Também é importante o aspecto da missão. Ela pode brotar no próprio jeito de celebrarmos em nossas comunidades. A participação das pessoas deve refletir esse engajamento. Elas podem formular orações, leituras, encenações. A música pode ser um forte veículo comunicativo e emotivo. Quando cantamos costumamos nos envolver com a letra e/ou com a melodia. Finalmente, gostaria, assim, de sugerir um canto que imagino espelhar esse compromisso missionário.
A Canção do Senhor na Terra Brasileira
1. Como vamos cantar este canto imprevisto, tão distantes do lar, tão num mundo sem Cristo? A canção do Senhor, contra toda a canseira, tem de ser um clamor na terra brasileira.
2. Como vamos cantar, se é tão grande a maldade, se tem gente a chorar com temor e ansiedade? A canção do Senhor tem de ser a primeira à injustiça se opor na terra brasileira.
3. Como vamos cantar, se o irmão é explorado, se lhe fazem calar, se ele é sempre anulado? A canção do Senhor tem de ser verdadeira para ser o louvor na terra brasileira.
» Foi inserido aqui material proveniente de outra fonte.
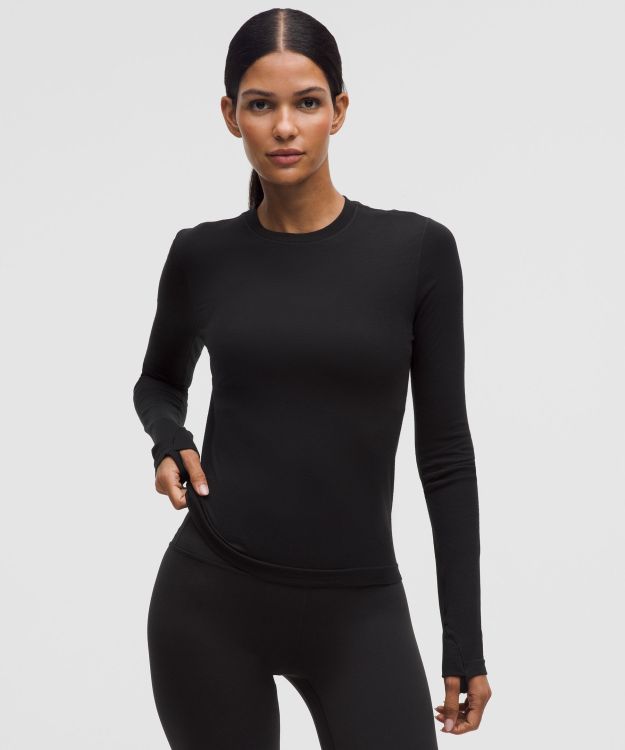 Swiftly Wool 女士羊毛混纺长袖运动衫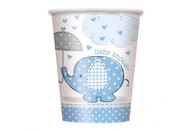Modré papierové poháre pre bábätká 8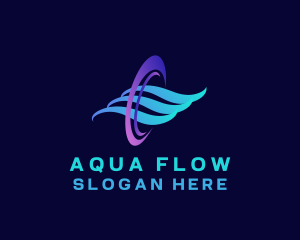 Flow - Cooling Wave Breeze logo design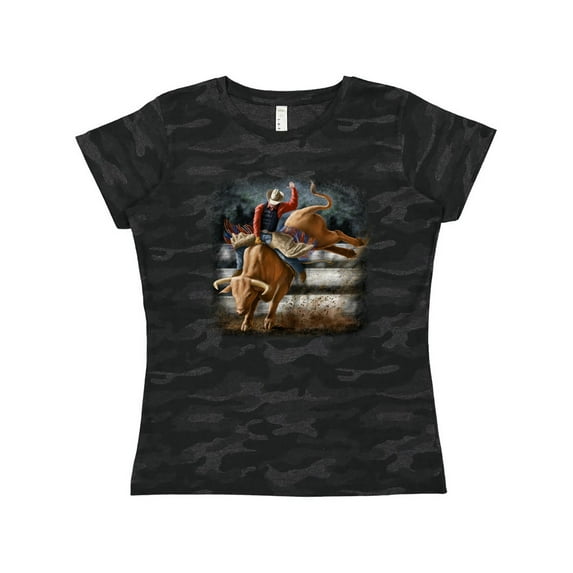 Inktastic Bull Riding Women's T-Shirt
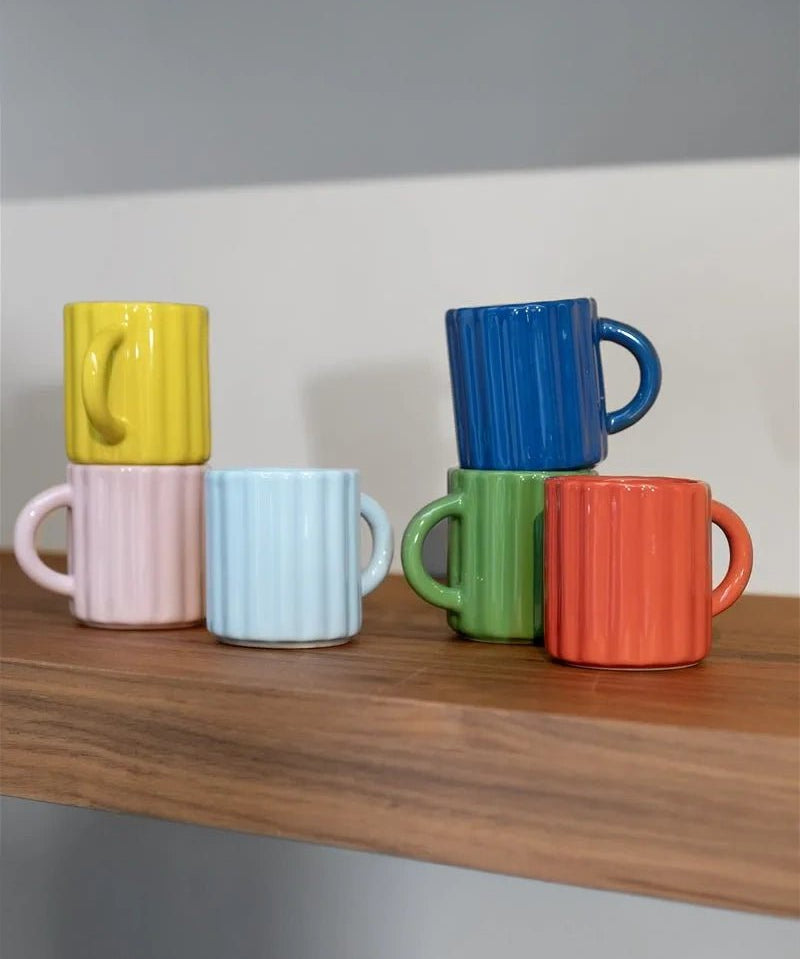 &Klevering - TUBE Espressotasse • Dunkelblau - Kaffee - und Teetasse - ROSA ECK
4. Como vamos cantar sem amor, liberdade, sem poder partilhar o calor da igualdade? A canção do Senhor tem de ser mensageira de inefável amor na terra brasileira.
Jaci C. Maraschin
6. Bibliografia
COMBLIN, José. Atos dos Apóstolos; v. l e 2. Petrópolis, Vozes; São Leopoldo, Sinodal, São Bernardo do Campo, Metodista, 1988.
KRODEL, Gerhard A. Acts. Minneapolis, Augsburg, 1986.
RIUS-CAMPS, Josep. El camino de Pablo a la misión de los paganos. Madrid, Cristiandad, 1984.
SAOUT, Yves. Atos dos Apóstolos: ação libertadora. São Paulo, Paulinas, 1991.
SARAIVA, Javier. O caminho da Igreja segundo os Atos. São Paulo, Paulinas, 1990.
Observação: A título de informação também encontramos artigos sobre Atos na sem-Estudos Bíblicos, ne 3, da Vozes. Se você deseja enfocar o conflito presente em Atos 13.44-52, então sugiro o artigo de Carlos Mesters (Os conflitos no livro de Atos dos Apóstolos; uma sugestão para o estudo, p. 21-34).